We calculated the correlation matrix of all the 36 features. We then started looking at the ranking from top to bottom. We picked the highest ranked and eliminated all those having a correlation coefficient greater than 0.7. Among the remaining, we picked the second highest and repeated the process until we picked a total of 5 features. The resulting set was composed of: Mean, Shape Factor and Band Power of sensor 1, Mean and Band Power of sensor 2.
Neighbourhood Component Analysis is a technique used for automatic feature selection. It takes as input K eatures for N entries and the corresponding N labels and produces K output values, one per feature. The output can be interpreted as an “importance factor” immune to correlation. In practice, the output can be used to create a new ranking. Figure 4 shows the NCA output, with indication of the top 10 features.
We chose the top 5 features, namely Shape Factor of sensor 1 and Mean, Shape Factor, THD and Skewness of sensor 2.
Figure 4: Output of NCA algorithm with top 10 features highlighted.
We imported the data from the three defined subsets of features into the “Classification Learner” add-on in MATLAB.
The add-on can test several Machine Learning classifications. To avoid over-fitting we used 5-fold cross validation. For each subset we picked the algorithm with the highest accuracy and compared the three.
The three best confusion matrices are displayed in Figure 5. It can be seen that all three subsets achieved classification accuracies well above 85%. The manual choice set is the least accurate with 87% whereas the two other methods of feature selection achieved a slightly higher accuracy: 89%. What makes the two automatic selection methods more appealing is not only the better accuracy, but also the fact that they work with a smaller dimensionality. As a general rule, in fact, the lower the dimensionality, the higher the chances are that the Machine Learning model can generalise and deliver good results with data different from the training ones.
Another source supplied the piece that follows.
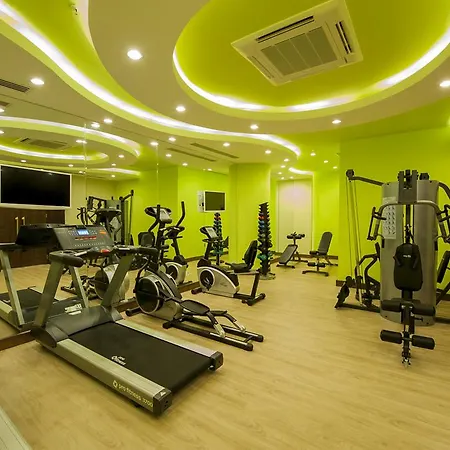 Hotel Dream World Hill 5*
Between the correlation and NCA we picked the latter because it has a slightly better accuracy when the true class is 4, the class indicating an imminent failure.
Figure 5: confusion matrices for the three tested subsets of features.
We were able to use the sensors already installed in the machine to obtain additional information for the estimation of the state of health of some critical moving parts. We logged the sensors’ data while running the machine without lubrication until one part reached failure. We divided the full time series into segments and assigned them a label indicating the status of the moving part. Subsequently, we used MATLAB’s “Diagnostic Feature Designer” app to automatically extract and select the features that best correlate with the status. Finally, we built a Machine Learning classification model that achieved 89% classification accuracy using only 5 extracted features.